But Africa is not Europe, Asia or South America, where a green revolution featuring high-yield rice and wheat varieties has boosted the food supply. Whereas people in Asia have 30 per cent more food per capita than in 1990, and South Americans 20 per cent more, the people of Africa have 3 per cent less. Here a green revolution will never work, because African agriculture is different: it relies on a multitude of diverse farming systems, not the ubiquitous rice paddies of Asia or wheat prairies of the Americas, where a one-size crop fits all.

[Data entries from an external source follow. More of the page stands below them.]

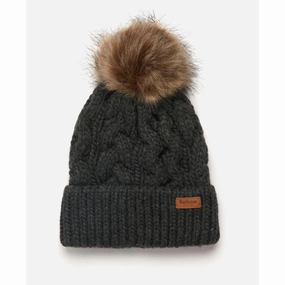 Barbour Penshaw Cable Ladies Pompom Hat - Charcoal Clearance Event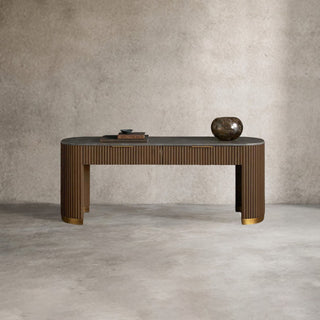 Finnley Stone Top Storage Console Solid Wood Hallway Entryway Table Entrance Cabinet With Drawers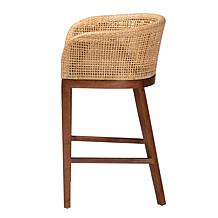 bali & pari Papua Rustic Acacia Wood & Rattan Counter Stool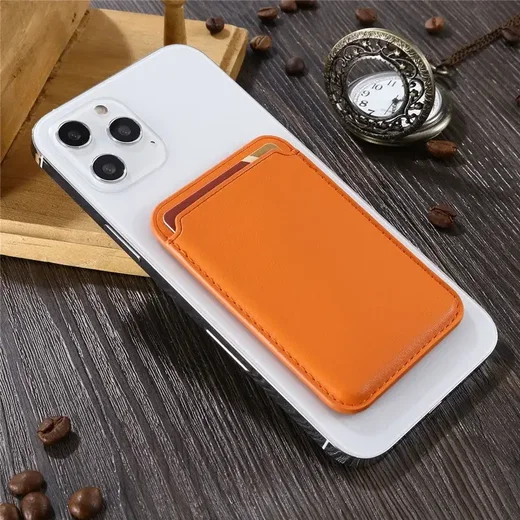 SBG Magnetische Pasjeshouder / Kaarthouder MagSafe Kunstleer Oranje afbeelding 3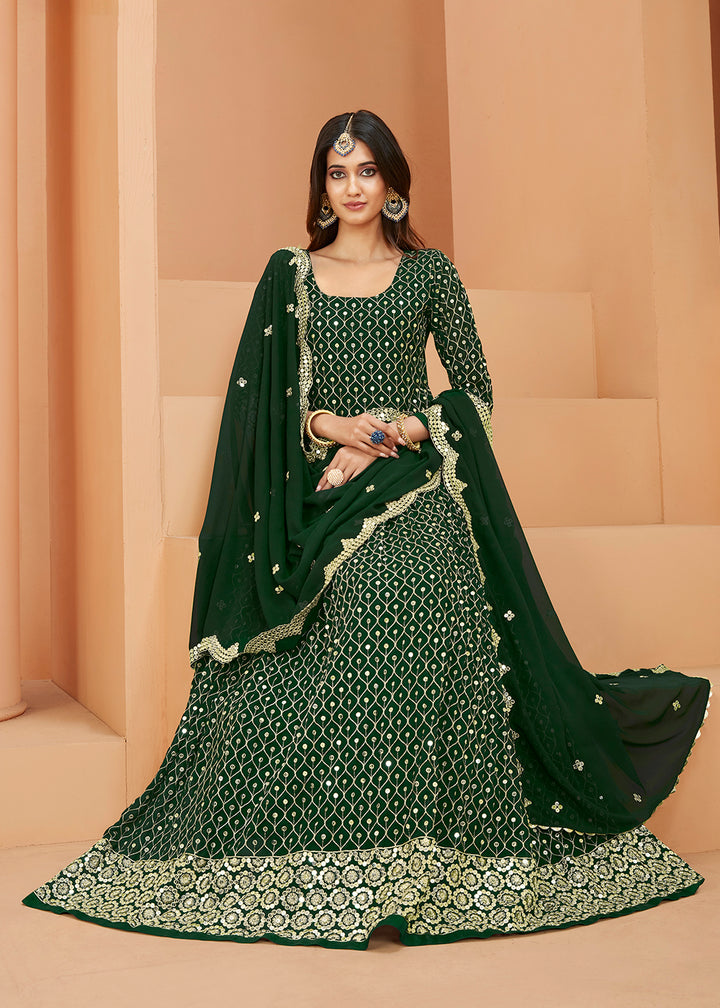 Buy Now Faux Georgette Radiant Dark Green Sequins Anarkali Suit Online in USA, UK, Australia, New Zealand, Canada, Italy & Worldwide at Empress Clothing. 
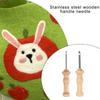 Punching Needle Embroidery Pen Stainless Steel Punching Needle Head Wood Handle Embroidery Pen for Embroidery Crafting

That’s why a report launched last week by Kofi Annan, the UN secretary-general deserves a warm welcome (see “Plan for plenty”). Two years in the writing, the report is the work of a panel appointed by the InterAcademy Council, an alliance of 90 scientific academies. Rather than a green revolution, the report calls for a series of discreet “rainbow evolutions” within Africa. And it is a message worth listening to for one simple reason: most of the authors are Africans, who know better than anyone what will work for Africa and what will not. They stress the importance, for example, of putting farmers at the heart of decision making on which pilot projects to pursue.

The report lists four agricultural systems best suited to alleviating malnutrition and turning a profit, including mixed cereal and root crops, such as maize, millet, cassava and legumes, and planting tree crops such as cocoa side by side with field crops such as yams. The report also calls for each country to create its own agricultural centre of scientific excellence, and to find ways to retain the 50 per cent of the continent’s trained scientists who emigrate.

It all takes money, of course, and we can only hope that Annan’s words fall on receptive ears when he formally presents the report next Monday, 5 July, in Addis Ababa, Ethiopia.

The indications are that African leaders like what they have seen of the report. Western donors should also take note. Every night, 33 million African children go to bed hungry, and for them Africa’s rainbow evolution can’t begin soon enough.